Quiere aprobar urgente el proyecto para regular las comisiones que pagan los inquilinos. El jefe de Gobierno toma una agenda central en la campaña y, de paso, baja la presión en el Congreso nacional.
Por 17/08/2017 20:37

El gobierno de Horacio Rodríguez Larreta dio por terminados los festejos del récord del 50% que acumuló Elisa Carrió en la Ciudad de Buenos Aires. El jefe de Gobierno volvió a recorrer los barrios y su administración prepara el “incentivo” que, según sostienen en Vamos Juntos, necesitan para apuntalar y profundizar la llegada a una porción del electorado de clase media que no los acompañó en las PASO del 13 de agosto. Ese incentivo es un proyecto de ley que el PRO quiere aprobado el próximo jueves 24 de agosto y consiste en una modificación de la ley de corredores inmobiliarios que apunta a beneficiar a los inquilinos. Un universo para nada despreciable: el 35% de los porteños habita una vivienda alquilada.

A los créditos para fomentar el acceso a la vivienda a sectores medios, se suma esta modificación que obtuvo despacho parlamentario este miércoles y en la que trabajan en tándem los legisladores macristas Lía Rueda y Daniel Del Sol, presidentes de la Comisión de Vivienda y Legislación General, respectivamente.

El proyecto ingresó a la Legislatura porteña con la firma de Rueda, pero lo diseñó a sottovoce el titular del Instituto de Vivienda de la Ciudad, Juan Ignacio Maquieyra, junto a la asociación civil Inquilinos Agrupados. Maquieyra tomó la iniciativa a pedido de Rodríguez Larreta, que el año pasado recibió varios mensajes de diputados alertándolo sobre la problemática de los inquilinos en la Ciudad de Buenos Aires, un tema que ocupaba un espacio considerable en los medios de comunicación e incluso se reactivó este año, en el Congreso de la Nación mediante un reclamo de la senadora kirchnerista Silvina García Larraburu.

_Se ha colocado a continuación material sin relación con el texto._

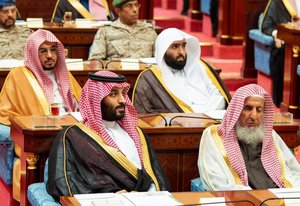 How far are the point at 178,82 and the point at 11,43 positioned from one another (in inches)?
84.8

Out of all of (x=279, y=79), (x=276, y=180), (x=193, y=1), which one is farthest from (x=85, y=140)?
(x=193, y=1)

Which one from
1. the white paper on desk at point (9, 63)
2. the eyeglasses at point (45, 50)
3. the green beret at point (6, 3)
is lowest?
the white paper on desk at point (9, 63)

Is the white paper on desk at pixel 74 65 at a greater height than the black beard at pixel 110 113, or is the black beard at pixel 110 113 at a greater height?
the black beard at pixel 110 113

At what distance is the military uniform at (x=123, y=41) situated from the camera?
1083 centimetres

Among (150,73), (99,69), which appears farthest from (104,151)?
(99,69)

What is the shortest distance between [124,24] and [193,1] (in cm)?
507

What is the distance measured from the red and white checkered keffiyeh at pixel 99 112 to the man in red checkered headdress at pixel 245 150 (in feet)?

El tema se presentó como “ley de alquileres”, pero no existe esa normativa a nivel local. La iniciativa avanza sobre la Ley N°2340 que regula las condiciones del ejercicio de la profesión de los corredores inmobiliarios y fue aprobada en mayo de 2007, a cinco meses del arribo de Mauricio Macri a la Jefatura de Gobierno de la Ciudad.

Con esto Larreta le baja la tensión a un conflicto que empezaba a causar molestia en el bloque de diputados nacionales de Cambiemos, quienes frenaron un proyecto para regular los alquileres mucho más ambicioso que ya cuenta con media sanción del Senado. Este proyecto, además del límite a las comisiones que pueden cobrar las inmobiliarias, establece una fórmula para calcular los aumentos anuales, cruzado por la variación salarial y la inflación, algo que actualmente queda a merced del capricho de la inmobiliaria o de los propios propietarios. Ese expediente, que plantea una reforma al Código Civil y Comercial -lo que le daría alcance nacional- fue cajoneada por el oficialismo en la Cámara de Diputados, evitándole al Gobierno nacional la sanción de una ley que resisten fuertemente el lobby inmobiliario y el de las grandes constructoras, muchas de ellas ligadas directamente al macrismo. Si Larreta consigue regular bajar la demanda en la regulación de alquileres en la Ciudad, controlará buena parte de la presión de las organizaciones de inquilinos -las más potentes radicadas en la Ciudad- y evitarle a la Casa Rosada un dolor de cabeza.

La comisión que cobra el corredor por trabajar como intermediario entre el dueño y el inquilino dejará de ser abonada por la persona física que alquila cuando se trate de un inmueble destinado a vivienda. Por ley, quien pagará ese dinero será el propietario del inmueble y la cifra representará el 4,15% del total del contrato. Ese porcentaje es el que establece la normativa vigente pero, según denuncian el Gobierno y los inquilinos, los corredores inmobiliarios cobran ese dinero en dos oportunidades. “Utilizan un sistema de doble ventanilla: le piden la comisión al propietario y al inquilino a la vez. Como no es necesario que ambas partes se conozcan, aprovechan su rol de intermediario y cobran dos veces por un único trabajo”, cuestionan en la gobernación porteña.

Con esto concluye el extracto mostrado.